To run the full demo using the sample-opensearch-ml-rest-api, make sure you have an AWS account with access to:

Part 1: The Amazon Comprehend ML connector

Set up OpenSearch to access Amazon Comprehend

Before you can use Amazon Comprehend, you need to make sure that OpenSearch can call Amazon Comprehend. You do this by supplying OpenSearch with an IAM role that has access to invoke the DetectDominantLanguage API. This requires the OpenSearch Cluster to have fine grained access control enabled. The CloudFormation template creates a role for this called --SageMaker-OpenSearch-demo-role. Use the following steps to attach this role to the OpenSearch cluster.
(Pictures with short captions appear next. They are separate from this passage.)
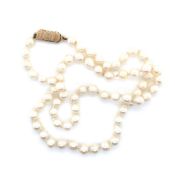 A ROW OF CULTURED BAROQUE PEARLS COMPLETE WITH A 375 STAMPED CLASP, ASSESSED AS 9ct GOLD. LENGTH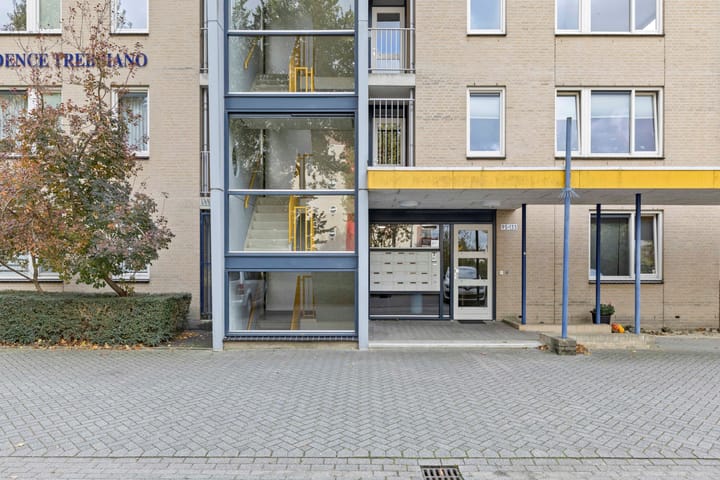 Photo 3 of Veldzuring 103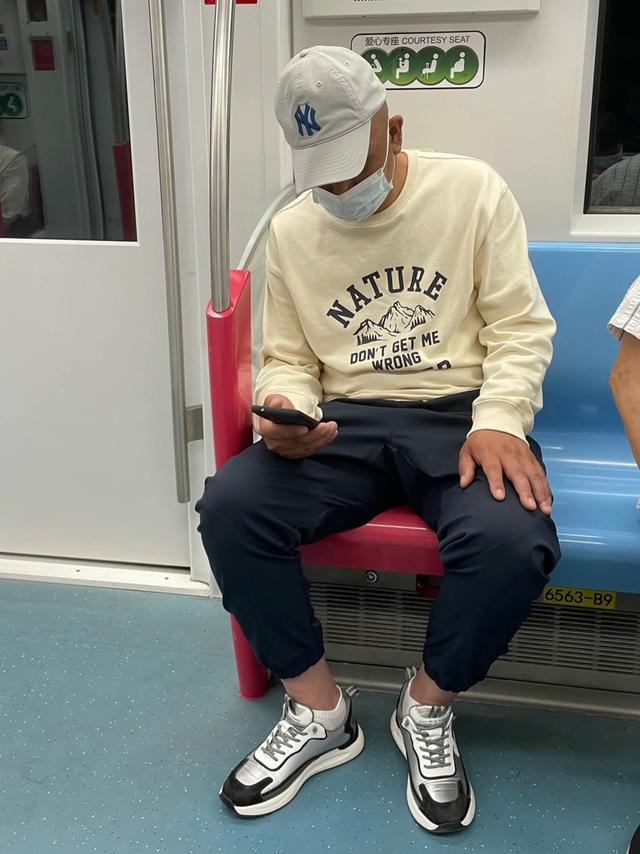 被“杭州地铁爷爷”圈粉了！发不染黑、衣不扮嫩却个个洋气高级(图7)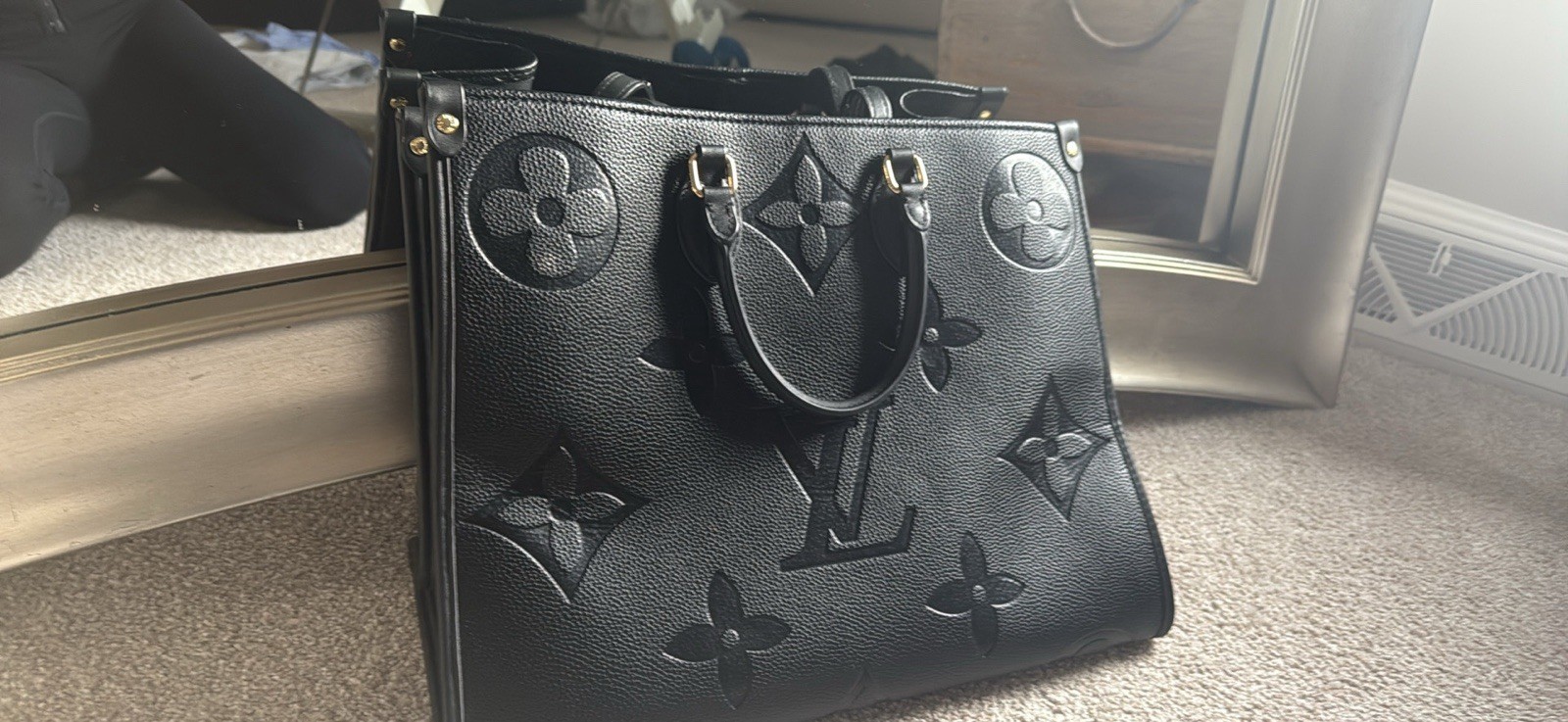 Picture 1 of 1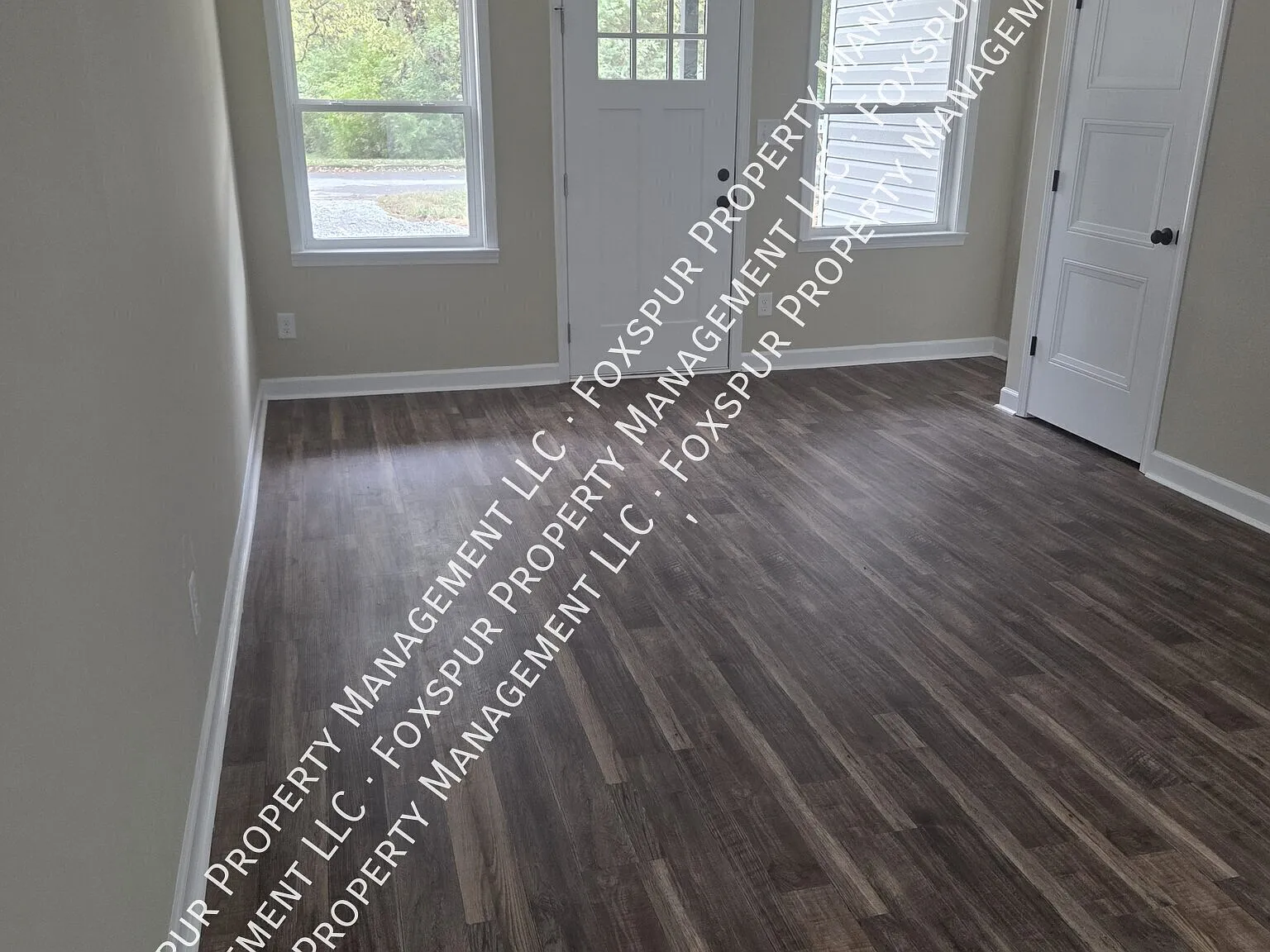 3 bed, 1100 sqft, $1,800 — Photo 3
1. Open the OpenSearch Dashboard console—you can find the URL in the output of the CloudFormation template—and sign in using the username and password you provided.

2. Choose Security in the left-hand menu (if you don’t see the menu, choose the three horizontal lines icon at the top left of the dashboard).
3. From the security menu, select Roles to manage the OpenSearch roles.
4. In the search box. enter ml_full_access role.
5. Select the Mapped users link to map the IAM role to this OpenSearch role.
6. On the Mapped users screen, choose Manage mapping to edit the current mappings.
7. Add the IAM role mentioned previously to map it to the ml_full_access role, this will allow OpenSearch to access the needed AWS resources from the ml-commons plugin. Enter your IAM role Amazon Resource Name (ARN) (arn:aws:iam:::role/--SageMaker-OpenSearch-demo-role) in the backend roles field and choose Map.

Set up the OpenSearch ML connector to Amazon Comprehend

In this step, you set up the ML connector to connect Amazon Comprehend to OpenSearch.

1. Get an authorization token to use when making the call to OpenSearch from the SageMaker notebook. The token uses an IAM role attached to the notebook by the CloudFormation template that has permissions to call OpenSearch. That same role is mapped to the OpenSearch admin role in the same way you just mapped the role to access Amazon Comprehend. Use the following code to set this up:

awsauth = AWS4Auth(credentials.access_key,
credentials.secret_key,
region,
'es',
session_token=credentials.token)

2. Create the connector. It needs a few pieces of information:
   1. It needs a protocol. For this example, use aws_sigv4, which allows OpenSearch to use an IAM role to call Amazon Comprehend.
   2. Provide the ARN for this role, which is the same role you used to set up permissions for the ml_full_access role.
   3. Provide comprehend as the service_name, and DetectDominateLanguage as the api_name.
   4. Provide the URL to Amazon Comprehend and set up how to call the API and what data to pass to it.

The final call looks like:

comprehend = boto3.client('comprehend', region_name="us-east-1")
path="/_plugins/_ml/connectors/_create"
url = host + path

payload = {
  "name": "Comprehend lang identification",
  "description": "comprehend model",
  "version": 1,
  "protocol": "aws_sigv4",
  "credential": {
    "roleArn": sageMakerOpenSearchRoleArn
  },
  "parameters": {
    "region": "us-east-1",
    "service_name": "comprehend",
    "api_version": "20171127",
    "api_name": "DetectDominantLanguage",
    "api": "Comprehend_${parameters.api_version}.${parameters.api_name}",
    "response_filter": "$"
  },
  "actions": [
    {
      "action_type": "predict",
      "method": "POST",
      "url": "https://${parameters.service_name}.${parameters.region}.amazonaws.com",
      "headers": {
        "content-type": "application/x-amz-json-1.1",
        "X-Amz-Target": "${parameters.api}"
      },
      "request_body": "{\"Text\": \"${parameters.Text}\"}" 
    }
  ]
}

comprehend_connector_response = requests.post(url, auth=awsauth, json=payload)
comprehend_connector = comprehend_connector_response.json()["connector_id"]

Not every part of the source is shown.